▶ [EXERCISE DETAILS]
Without any images, write the listing below out word for word.

▶ [INPUT DATA]

________________________

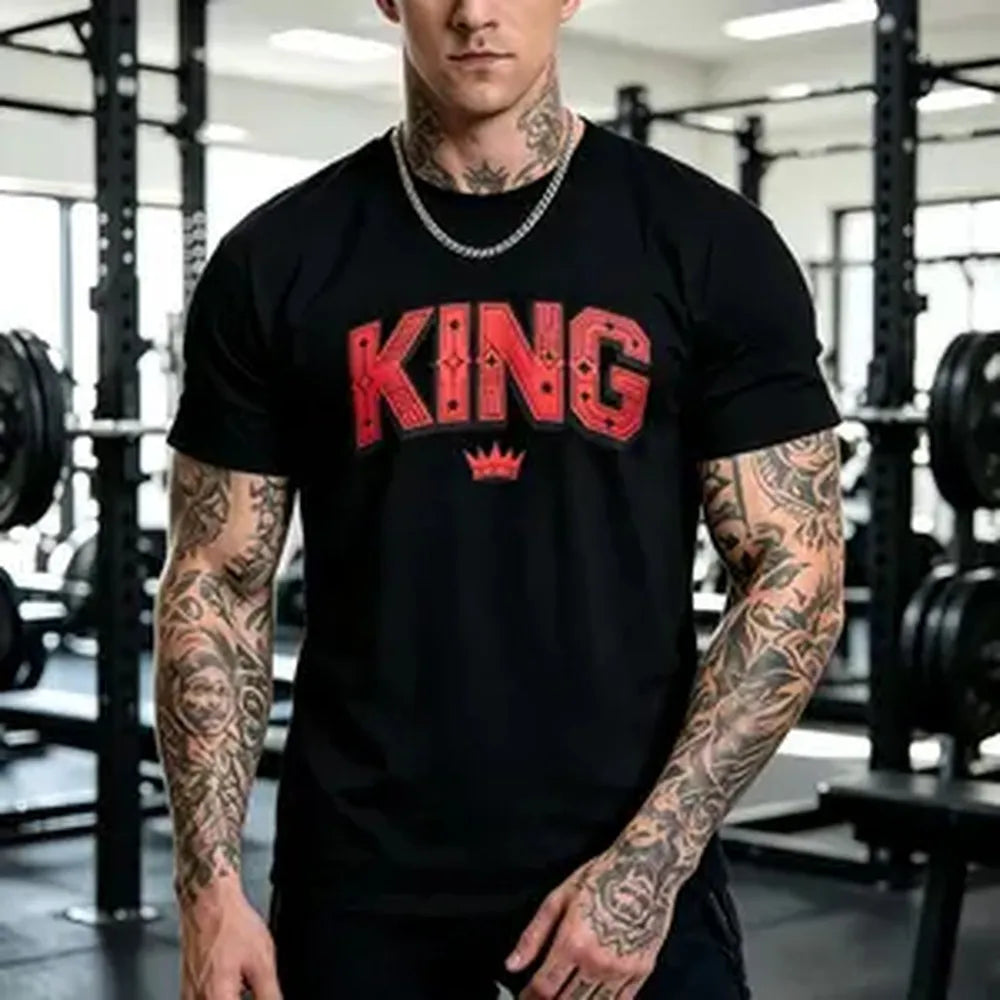 Men’s Loose-Fitting Short Sleeve KING Graphic Gym T-Shirt - 100% Pure Cotton, Foldable, Machine Washable, Bold Crown Print, Round Neck, Black & White Options, All Seasons, Custom-Made Urban Faith Sporty Chic Streetwear Top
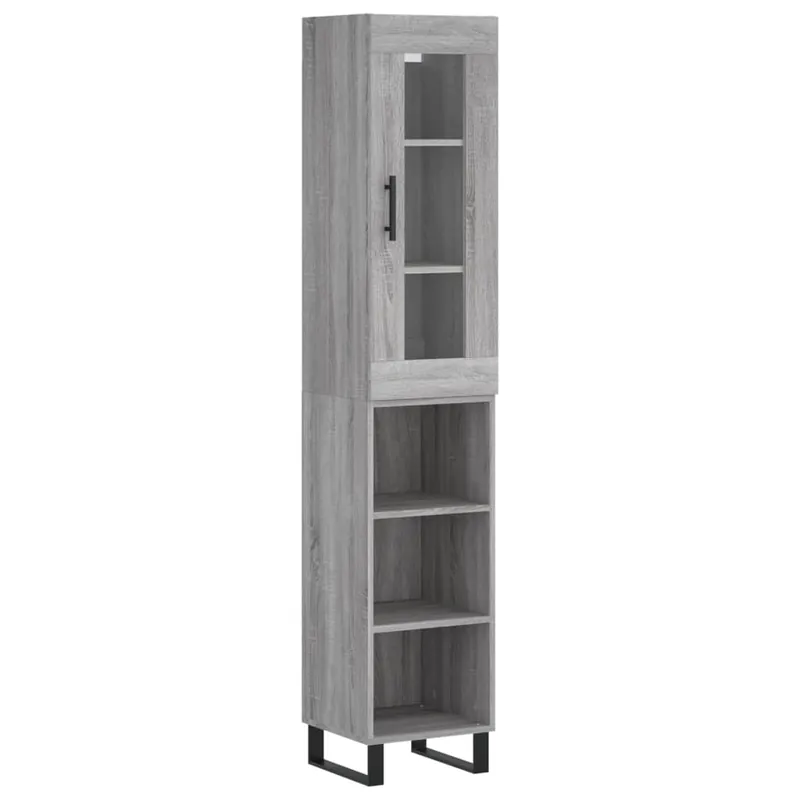 Aparador - Mueble de almacenamiento de madera contrachapada roble Sonoma 34,5x34x180 cm es3050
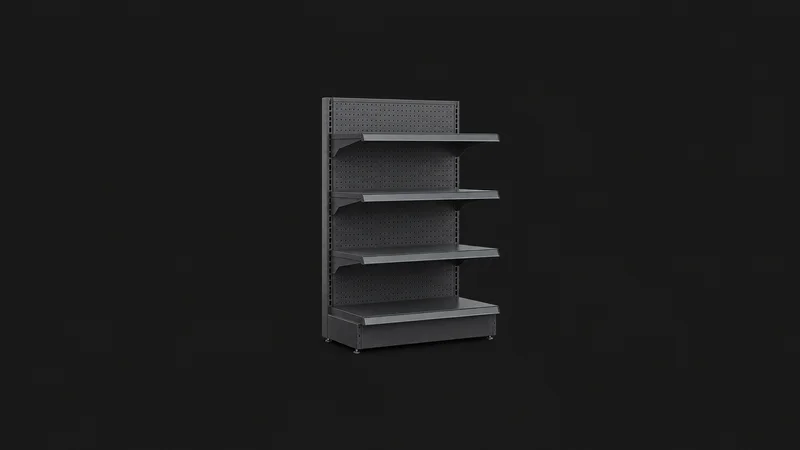 Isolated a gondola shelf unit end-cap centred on a seamless deep charcoal near-black studio background, generous empty margin on every side for overlaid branding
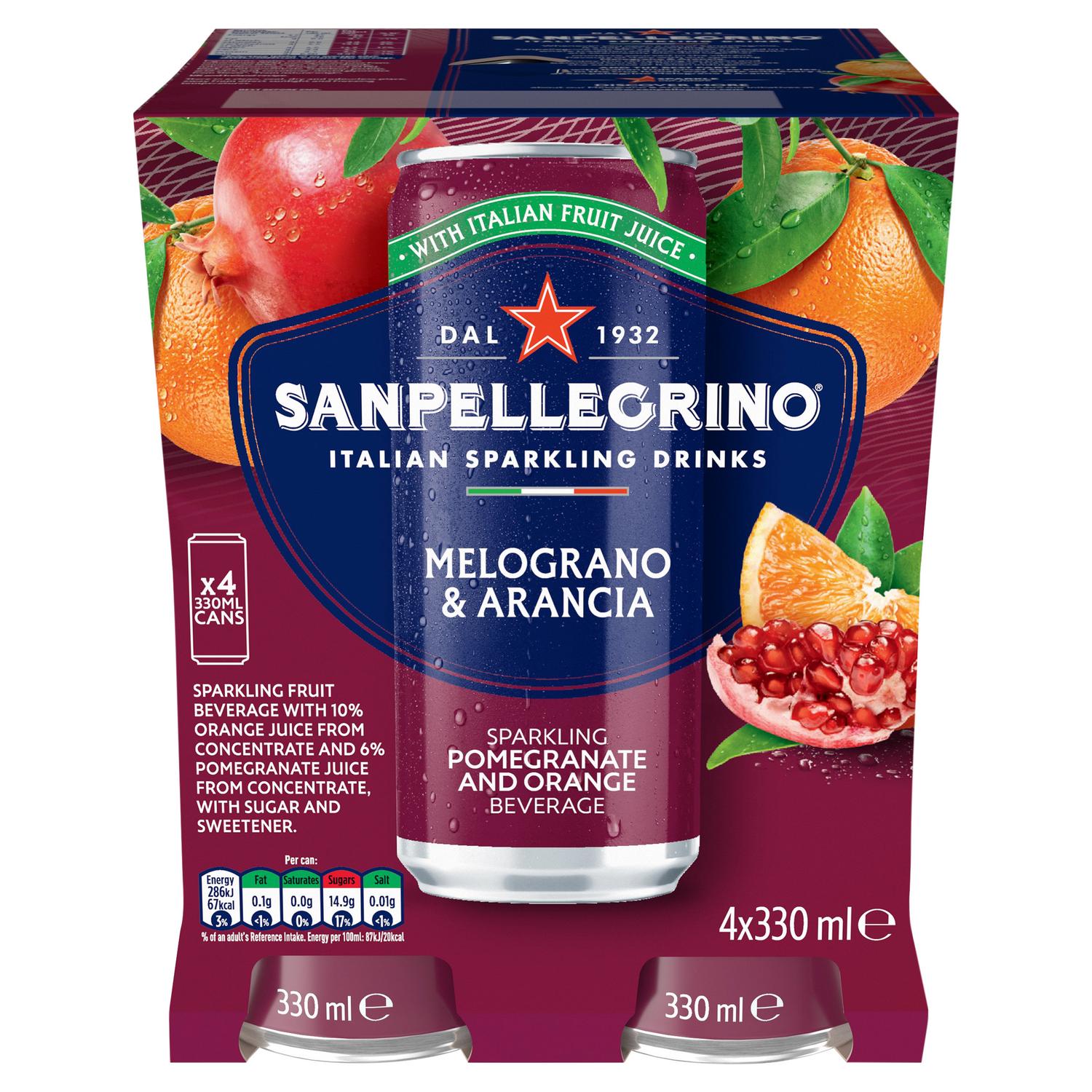 San Pellegrino Sparkling Fruit Beverage Pomegranate Orange 4 pack 330ml (British brand)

________________________

▶ [RESPONSE]
 Men’s Loose-Fitting Short Sleeve KING Graphic Gym T-Shirt - 100% Pure Cotton, Foldable, Machine Washable, Bold Crown Print, Round Neck, Black & White Options, All Seasons, Custom-Made Urban Faith Sporty Chic Streetwear Top
 Aparador - Mueble de almacenamiento de madera contrachapada roble Sonoma 34,5x34x180 cm es3050
 Isolated a gondola shelf unit end-cap centred on a seamless deep charcoal near-black studio background, generous empty margin on every side for overlaid branding
 San Pellegrino Sparkling Fruit Beverage Pomegranate Orange 4 pack 330ml (British brand)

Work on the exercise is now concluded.